Timothy Radcliffe OP on finding hope and forgiveness in a time of hardship


What does a hope-filled life look like? Part of it is hanging in there, even when it seems pointless.

Timothy Radcliffe OP on finding hope and forgiveness in a time of hardship

Timothy Radcliffe, third from left, with other delegates on a trip to Syria that took them close to the front line of the civil war

 

In this doom-laden time of war, hardship, loss and grief, there are two things at the heart of Christianity that are needed more than ever: hope and forgiveness

John Henry Newman said: “Fear not that thy life shall come to an end, but rather fear that it shall never have a beginning.” Or as someone very different, the novelist Jeanette Winterson, said: “As I try and understand how life works – and why some people cope better than others with adversity – I come back to something to do with saying yes to life, which is love of life, however inadequate, and love for the self, however found. Not in the me-first way that is the opposite of life and love, but with a salmon-like determination to swim upstream, however choppy upstream is, because this is your stream.”

We are called to be fully alive.
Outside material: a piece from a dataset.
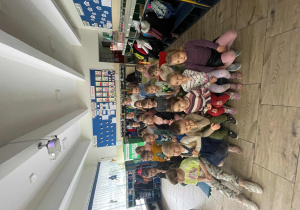 Dzieci podczas zajęć z okazji Dnia Puzzli i Łamigłówek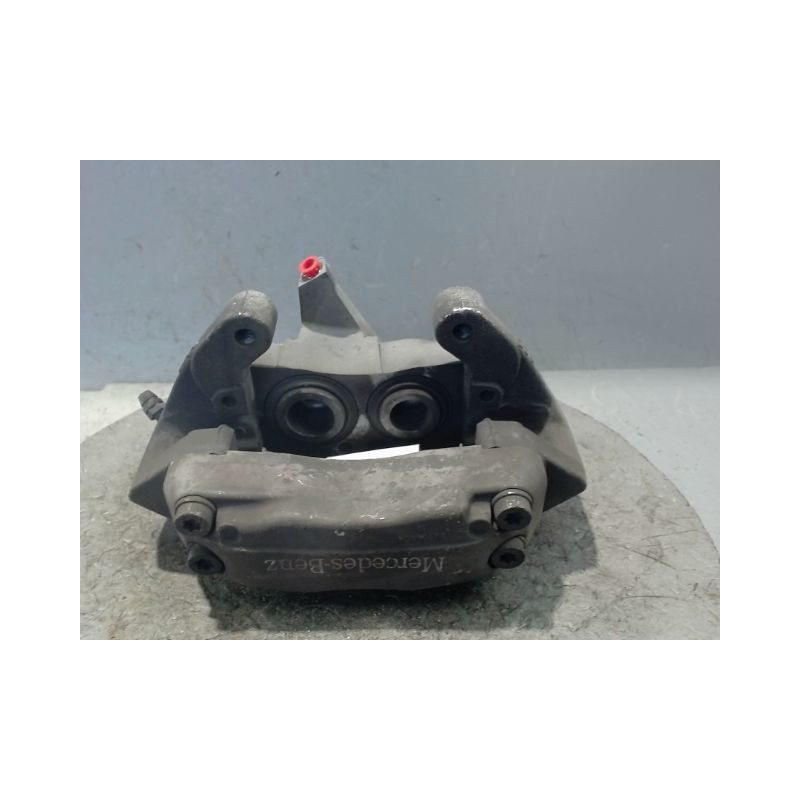 ETRIER DE FREIN AVANT DROIT MERCEDES SLK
And to be alive fully, humanly, is to be able to let go of the burden of the past, and open ourselves to the hope of the future. To live now, we need forgiveness and hope.

Let us begin with hope. Doom is in the air. This is a tough time to be young. The future seems to be disappearing. Democracies all over the world are crumbling. Ecological catastrophe is looming. There is even, for the first time since I was a child, the threat of nuclear war. No wonder lots of people are deciding not to have children. So how can we hope?